Use this file to discover all available pages before exploring further.

Search Operations

Perform semantic search and Cypher queries against your warehouse data. Perform semantic search across warehouse data:
warehouse = client.get_warehouse("warehouse-id")

response = warehouse.retrieve_with_semantic_search(
    query="financial reports from Q4",
    n_objects=10,
    indexes=["chunks"],  # Optional, defaults to ["chunks"]
    reformulate_query=True, # Optional, defaults to False
    enrich_with_chunks=True, # Optional, defaults to False
    included_tags = [{"parent": "job-category", "children": "data-engineer"}],
    excluded_tags = [{"parent": "job-category", "children": "data-engineer"}],
    rerank=True, # Optional, defaults to False
)

results = response.get("retrieval_results", [])
for result in results:
    print(f"Score: {result.get('score', 'N/A')}")
    print(f"Content: {result.get('content', '')[:100]}...")
Parameters:
  • query (str): Natural language search query
  • n_objects (int, optional): Number of results. Default: 10
  • indexes (list[str], optional): Specific indexes. Default: [“chunks”]
  • reformulate_query (bool, optional): Whether to perform HyDE query reformulation before retrieving objects. Default: False
  • enrich_with_chunks (bool, optional): Whether to enrich the retrieved objects with their original chunks. Default: False
  • included_tags (list[dict], optional): Tags to include in the search. Default: []
  • excluded_tags (list[dict], optional): Tags to exclude in the search. Default: []
  • rerank (bool, optional): Whether to perform reranking on retrieved objects. Default: False
  • included_objects (list[dict], optional): Objects to include in the retrieval. A list of [{"name": entity_name}]. Default: []
  • excluded_objects (list[dict], optional): Objects to exclude in the retrieval. A list of [{"name": entity_name}]. Default: []
  • selected_documents (list[dict], optional): List of {"id": document_uuid} to select from. Default []
Details on the Tags (included or excluded) There are 2 possibilities for the identification of tags:
  • either by a tag id and its parent, for example: {"parent": "job-category", "children": "data-engineer"}
  • or by its hierarchy and its id, for example {"id": "fullstack-engineer","id_tree": "job-roles"}
Returns: A list of retrieved objects. Performs a full text search on the knowledge graph fulltext indexes.
warehouse = client.get_warehouse("warehouse-id")

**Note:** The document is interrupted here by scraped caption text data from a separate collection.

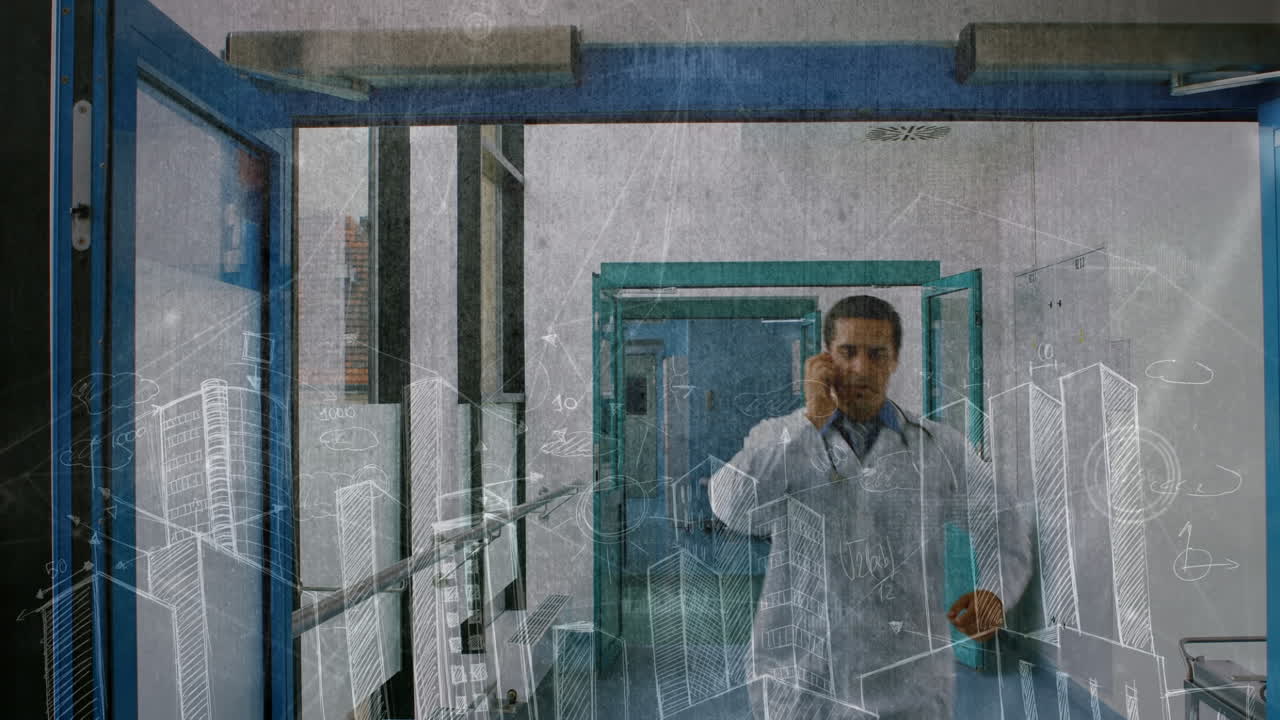 animación de las conexiones de red a través de un médico caucásico usando un teléfono inteligente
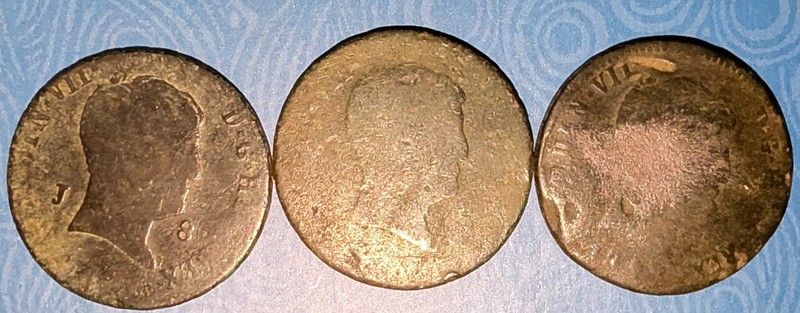 Spanish 8 Maravedis Large Old Rare Coin King Ferdinand VII Unknown Dates See Pic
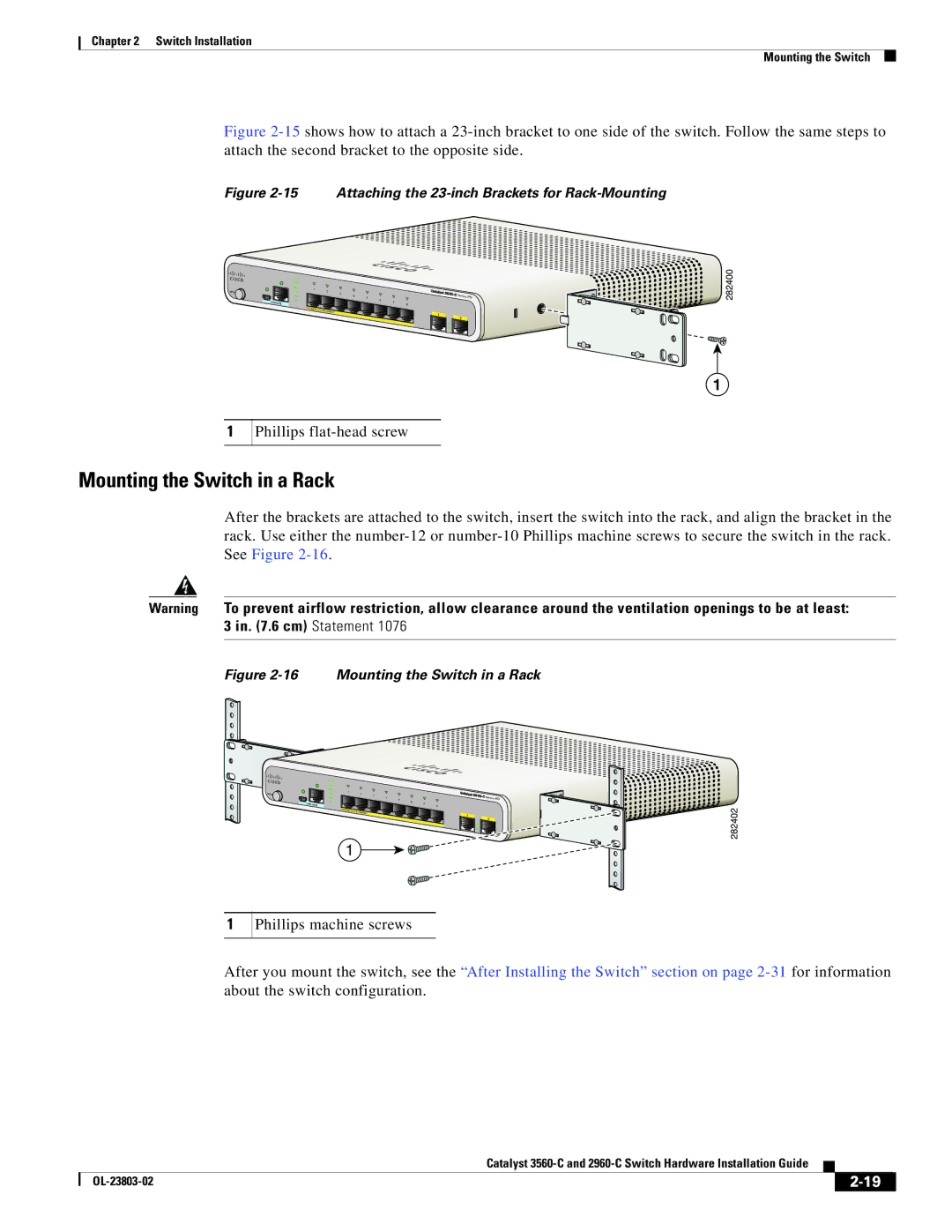 Cisco Systems N55M4Q manual Mounting the Switch in a Rack, Attaching the 23-inch Brackets for Rack-Mounting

response = warehouse.retrieve_with_full_text_search(
    query="financial reports from Q4",
    n_objects=10,
    indexes=["chunks"],  # Optional, defaults to ["chunks"]
    reformulate_query=True, # Optional, defaults to False
    enrich_with_chunks=True, # Optional, defaults to False
    included_tags = [{"parent": "job-category", "children": "data-engineer"}],
    excluded_tags = [{"parent": "job-category", "children": "data-engineer"}],
    rerank=True, # Optional, defaults to False
)

results = response.get("retrieval_results", [])
for result in results:
    print(f"Score: {result.get('score', 'N/A')}")
    print(f"Content: {result.get('content', '')[:100]}...")
Parameters:
  • query (str): Natural language search query
  • n_objects (int, optional): Number of results. Default: 10
  • indexes (list[str], optional): Specific indexes. Default: [“chunks”]
  • reformulate_query (bool, optional): Whether to perform HyDE query reformulation before retrieving objects. Default: False
  • enrich_with_chunks (bool, optional): Whether to enrich the retrieved objects with their original chunks. Default: False
  • included_tags (list[dict], optional): Tags to include in the search. Default: []
  • excluded_tags (list[dict], optional): Tags to exclude in the search. Default: []
  • rerank (bool, optional): Whether to perform reranking on retrieved objects. Default: False
  • included_objects (list[dict], optional): Objects to include in the retrieval. A list of [{"name": entity_name}]. Default: []
  • excluded_objects (list[dict], optional): Objects to exclude in the retrieval. A list of [{"name": entity_name}]. Default: []
  • selected_documents (list[dict], optional): List of {"id": document_uuid} to select from. Default []
Returns: A list of retrieved objects. Performs a semantic search and fulltext search and combine the two results. The scores are combined using Reciprocal Rank Fusion(RRF). Returns the Score (semantic similarity score), Full-text score (BM25 score), and RRF score (the final score used for getting the top N).
warehouse = client.get_warehouse("warehouse-id")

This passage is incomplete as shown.